Global private equity giants and asset managers are betting big on opportunities in Japan and China, despite stagnant growth and mounting geopolitical uncertainty in the respective regions.
“Everything’s on sale in Japan for people who have dollars,” said William Conway Jr, co-founder, interim CEO, and co-chairman of Carlyle at a panel discussion on the second day of the Global Financial Leaders’ Investment Summit in Hong Kong, organised by the Hong Kong Monetary Authority and the Hong Kong Academy of Finance.
Carlyle manages five Asia buyout funds, totalling $15.55 billion, and two China funds. In 2018, the firm raised $6.6 billion for its Asia private equity fund, its biggest at that time, exceeding a $5 billion target. The firm entered the Japanese market in 2000 and has made 31 investments in the country to date. Late last year, it scored its 20th exit in the Japanese market with the sale of Sunsho Pharmaceutical.
“In Japan, money is free, and you can member up your equity capital to do very large acquisitions,” said PAG chairman and CEO Weijian Shan, who moderated the panel.
The panel also included Jim Zelter, co-president at Apollo Global, Luke Ellis, CEO of Man Group and Ben Way, group head of Macquarie Asset Management.
“It’s something to take advantage of,” said Conway.
Private equity firms globally are sitting on large amounts of dry powder, but investors are encouraging deploying capital at times like this.
“The great time to invest in private equity is periods like this, where there is uncertainty and there is, unfortunately, not a lot of financing,” said Zelter.
Apollo in June this year announced the launch of a $1.25-billion Asia-Pacific-focused credit strategy alongside Australian superannuation fund Hostplus to invest in deals across the region. Back in 2019, Apollo Global Management hired Tetsuji Okamoto, a managing director at Bain Capital, to head its operations in Tokyo, joining other global funds to set up shop in Japan.
“The irony is, much equity has been raised and there’s not a lot of financing for those transactions, so those levels will come down,” he said. “This lack of certainty and this lack of confidence — this is when you want to be putting money in the ground.”

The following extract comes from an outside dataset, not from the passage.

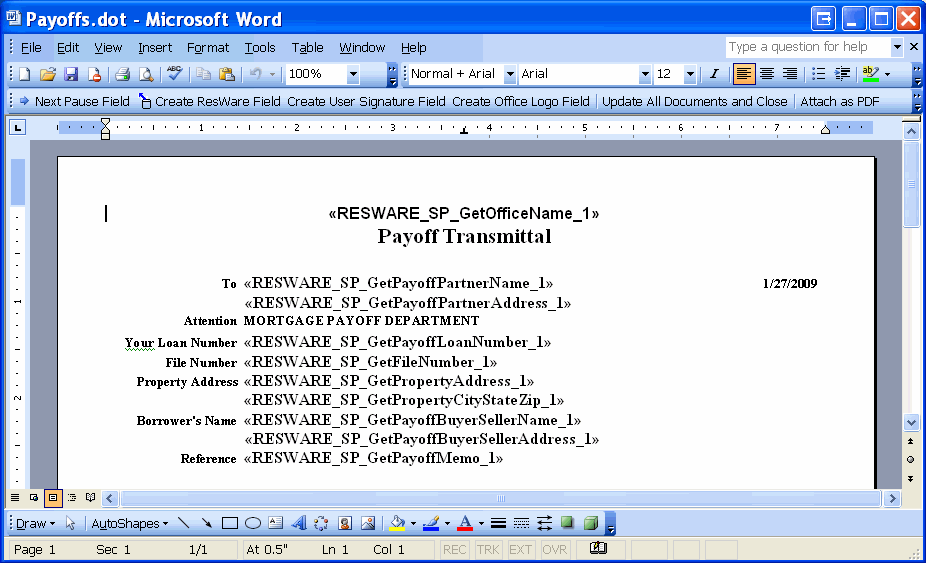 Template fields in word preview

Private equity firms are facing crashing valuations and curbed asset sales as increasing inflation rates edge potential global recession onto existing macroeconomic concerns.
“It was a very easy world to be an institutional investor — that world’s gone, we’re in a new paradigm, which I suspect will last years rather than months and in the new world, you need to be active in terms of your asset allocation,” said Ellis.
“The most exciting infrastructure market in the world is clearly China,” said Way.
In pursuit of its net zero goals by 2060, China has introduced new plans to promote green transition. In a new “five-year plan” targeting the renewable sector, China said it would aim for more than a third of its national power consumption to come from renewable energies by 2025.
Investors, especially ones in Europe and the US, might be turning their heads when it comes to putting money in China due to a variety of risk factors, such as its regulatory crackdown, trade friction with the US and commitment to its zero-COVID policy.
“It’s very hard to bet against China when it comes to investing, particularly for people with a long view,” said Conway.
Private equity firms have invested more in Japanese businesses in 2022 than in all of 2021 mostly due to the country’s low-interest rates and stable regulatory environment, according to a S&P Global Market Intelligence report.
According to a recent Reuters report, Swedish private equity firm EQT has a near-record number of Japanese deals in its pipeline despite current market conditions. EQT has just completed a $6.7 billion deal to buy Hong Kong-based Baring Private Equity Asia (BPEA), combining the two firms’ Asia private equity businesses for global expansion. The merged team, BPEA EQT, has 15 members in Japan.